### Task goal
Could the lines from the start of the data through the line with "Alright everybody, until" be set down exactly, with no pictures among them?

[Dataset entries]

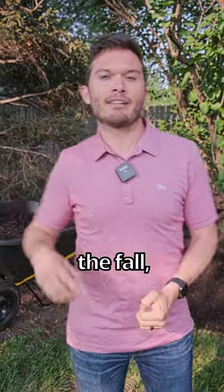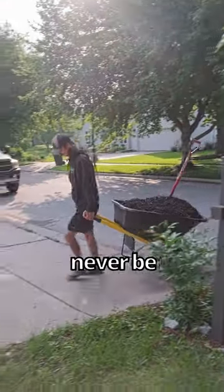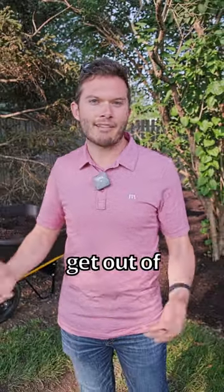The other reason is during leaf cleanup in the fall, when you're raking the leaves out of your mulch or blowing it out, you're going to get rubber pellets all over your lawn and you'll never be able to get them back out. Natural mulch will biodegrade even if you get some in the grass — that's okay, it'll eventually go away. Rubber mulch you can never get out of your grass.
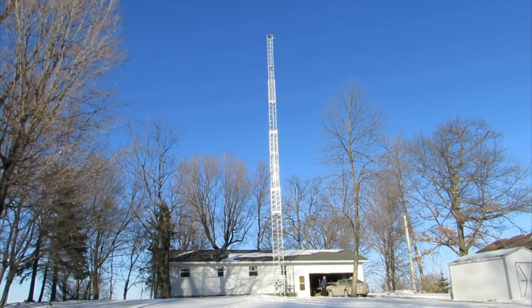Well, here we are. The tower arrived this morning at about 8 o'clock, and here it is at 1:30 that same day with the tower extended. A pretty incredible assembly process that went very, very smoothly.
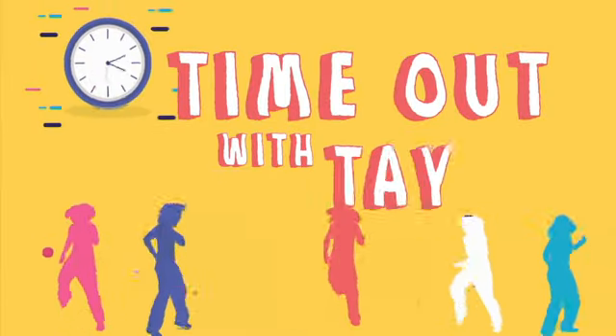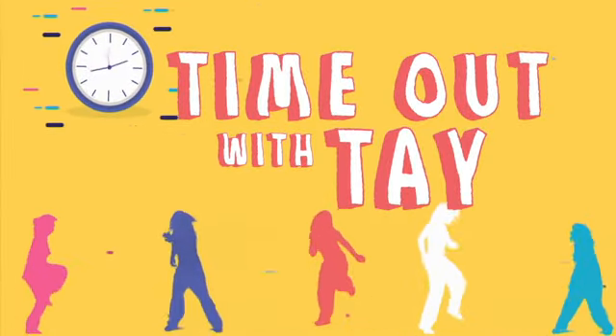Alright everybody, until next time, keep moving. Catch the next Time Out with Tay for a whole new move.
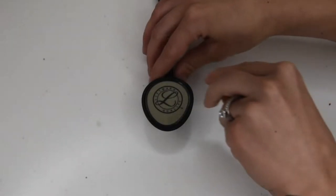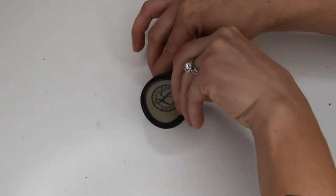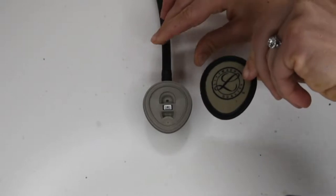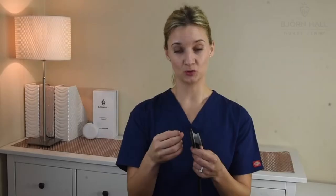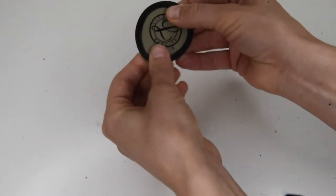So to actually remove the diaphragm off the stethoscope, you would simply put your fingers on the plastic rim of the diaphragm and gently pull upwards. It is quite easy to take it off. The plastic is really soft. It is one of the easiest ones that I've tried. If you're looking to buy one of these stethoscopes, you can head on to my YouTube channel and check out my full review of the Litman Lightweight 2SE.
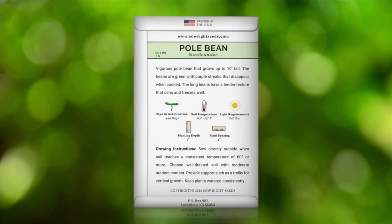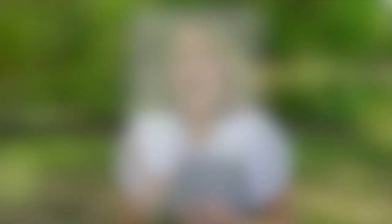On the back of our packets you can find detailed instructions. A growing tip that I would recommend is to make sure you have a trellis to support your pole bean. And if you have not tried this unique variety, you've got to do it.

### Expected answer
The other reason is during leaf cleanup in the fall, when you're raking the leaves out of your mulch or blowing it out, you're going to get rubber pellets all over your lawn and you'll never be able to get them back out. Natural mulch will biodegrade even if you get some in the grass — that's okay, it'll eventually go away. Rubber mulch you can never get out of your grass.
Well, here we are. The tower arrived this morning at about 8 o'clock, and here it is at 1:30 that same day with the tower extended. A pretty incredible assembly process that went very, very smoothly.
Alright everybody, until next time, keep moving. Catch the next Time Out with Tay for a whole new move.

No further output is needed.